Once World’s Eighth Richest Man, Brazilian Gets 30 Years in Jail for Corruption

    Eike Batista talks in the Brazilian senate about corruption at BNDES - Wilson Dias/ABr Eike Batista talks in the Brazilian senate about corruption at BNDES - Wilson Dias/ABr

    A Brazilian businessman famous for amassing and then losing a multi-billion-dollar fortune has been convicted of corruption and money laundering and sentenced to 30 years in prison.

    Eike Batista was found guilty of paying around US$ 16.5 million in bribes to the then Rio de Janeiro governor to gain an advantage in government contracts. Ex-governor Sergio Cabral was also convicted — one of several corruption cases against Cabral, who is already in prison.

    A federal judge in Rio de Janeiro signed the decision on Monday but it did not become widely known until Tuesday. Fernando Martins, a lawyer for Batista, complained the case against his client was vague and said that he would appeal. The court said he will not begin serving his sentence while the appeal is pending. A lawyer for Cabral also said he would appeal.

    The case is part an investigation into the laundering and hiding of about US$ 100 million in foreign bank accounts. Prosecutors allege that nearly US$ 80 million of that belonged to Cabral. The probe is one branch of Brazil’s massive Car Wash investigation into the systematic trading of bribes and illegal campaign contributions to politicians in exchange for favors for companies.

    An oil and mining magnate, Eike was once Brazil’s richest man and was listed by Forbes magazine in 2011 as the world’s eighth-richest person. By 2013, his fortune had crumbled amid debts in his energy sector companies.

    Drama surrounded Batista’s arrest last year on the corruption charges. Police officers initially went to Batista’s home in Rio de Janeiro to serve the warrant, but he wasn’t there.

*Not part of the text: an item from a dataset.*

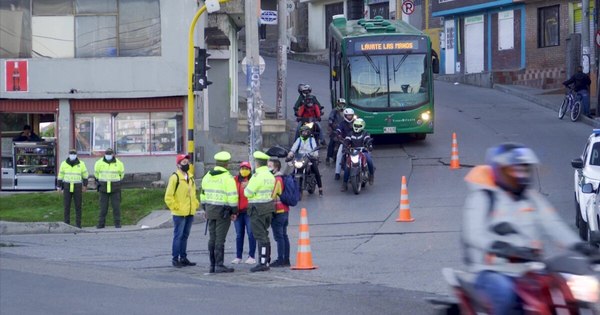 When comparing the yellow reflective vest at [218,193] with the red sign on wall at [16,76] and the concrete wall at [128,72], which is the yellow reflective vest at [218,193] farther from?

    His lawyer said he was traveling abroad at the time. Despite his lawyer’s assurances that he would turn himself in when his trip was concluded, federal police asked Interpol for help locating Batista and said he was briefly considered a fugitive.

    Four days after the initial attempt to arrest him, Batista was taken into custody as he walked off a commercial flight from New York.